That’s fair enough, but the county unfairly kept the $25,000 surplus for itself. Eventually, Ms. Tyler sued to get her $25,000 surplus back. Today, the Supreme Court of the United States unanimously decided that Ms. Tyler – not the government – was entitled to it.

The Court decided that Ms. Tyler is protected by the Constitution’s Takings Clause, which says private property cannot “be taken for public use, without just compensation.” The Court’s opinion underscores the general principle that a creditor is entitled to be made whole, but that there is no entitlement to a surplus payment. That is, the creditor is entitled to take the debt, not some amount greater than the debt.
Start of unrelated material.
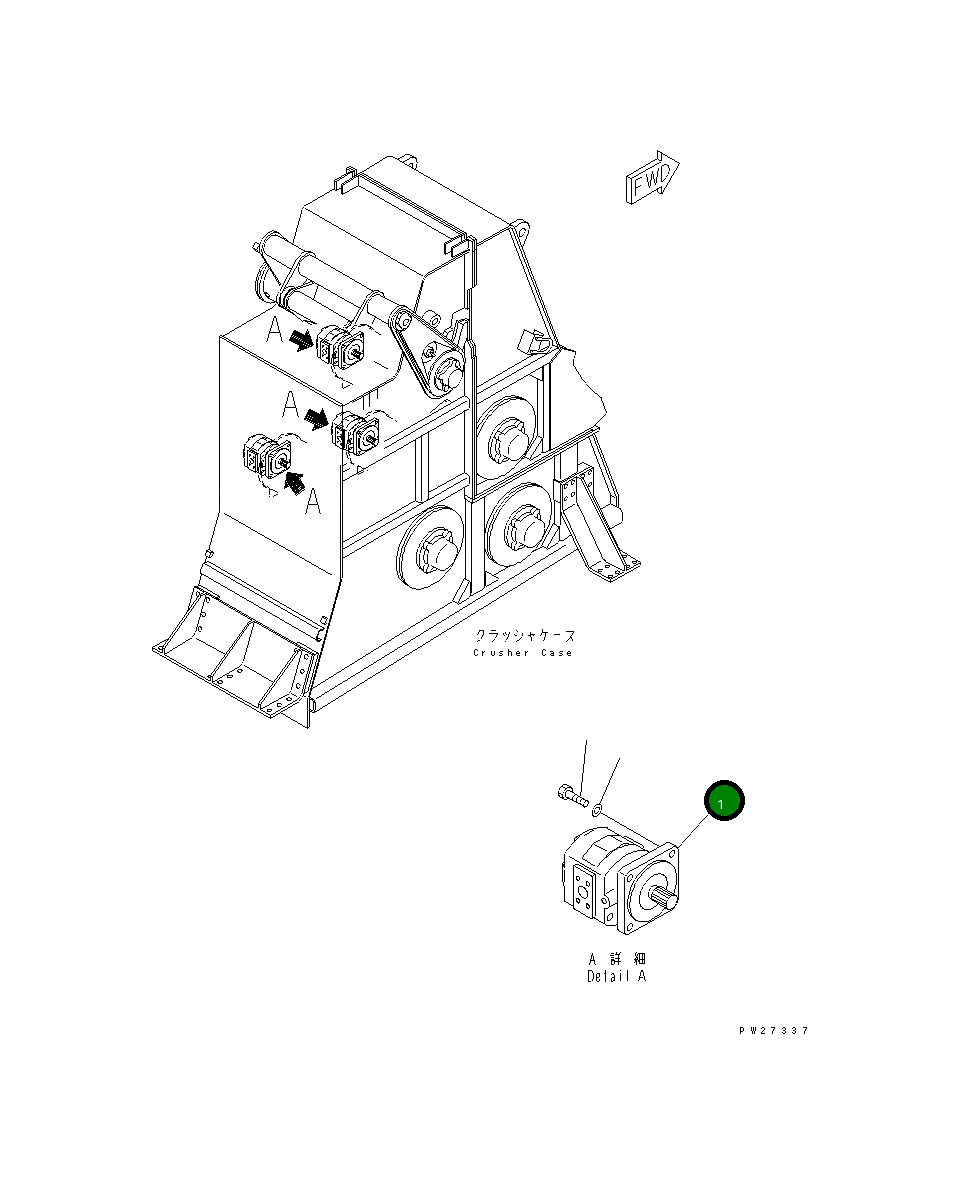 Двигатель 8255-60-1111 Komatsu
This principle can be seen in other areas of the law. For instance, if a bank forecloses on a house because the mortgage payment hasn’t been made, the homeowner – not the bank – gets to keep any surplus. (CEI had previously joined the Buckeye Institute’s amicus brief on this case, which argued that the Takings Clause’s application to this case was deeply rooted in American history and tradition.)

The Court expeditiously disposed of the argument that Hennepin County government used to justify keeping the extra $25,000. Hennepin County argued that Ms. Tyler had decided to abandon her property because she stopped paying taxes on it (or, more precisely, that her failure to pay property taxes should be understood as abandonment).

I suppose government lawyers must make the best argument available to them, but the County’s argument was especially weak. Fortunately, the Court thought so too. The Court explained that a lapse in property rights from abandonment can indeed take place when the owner fails to make any use of the property at all. There is a big difference, the Court emphasized, when the owner of a residence with delinquent property taxes continues to live there for years – right up to the time that the government sells the property.

The Court ended its opinion by noting it had decided the case based on the Takings Clause, so it was unnecessary to opine about the impact of the Excessive Fines clause. Justices Neil Gorsuch and Ketanji Onyika Brown Jackson presumably disagreed, since they filed a concurrence arguing that the Excessive Fines clause had been misunderstood in the analysis of the court below — while intimating that the $25,000 surplus that the government wanted to keep was, indeed, constitutionally excessive.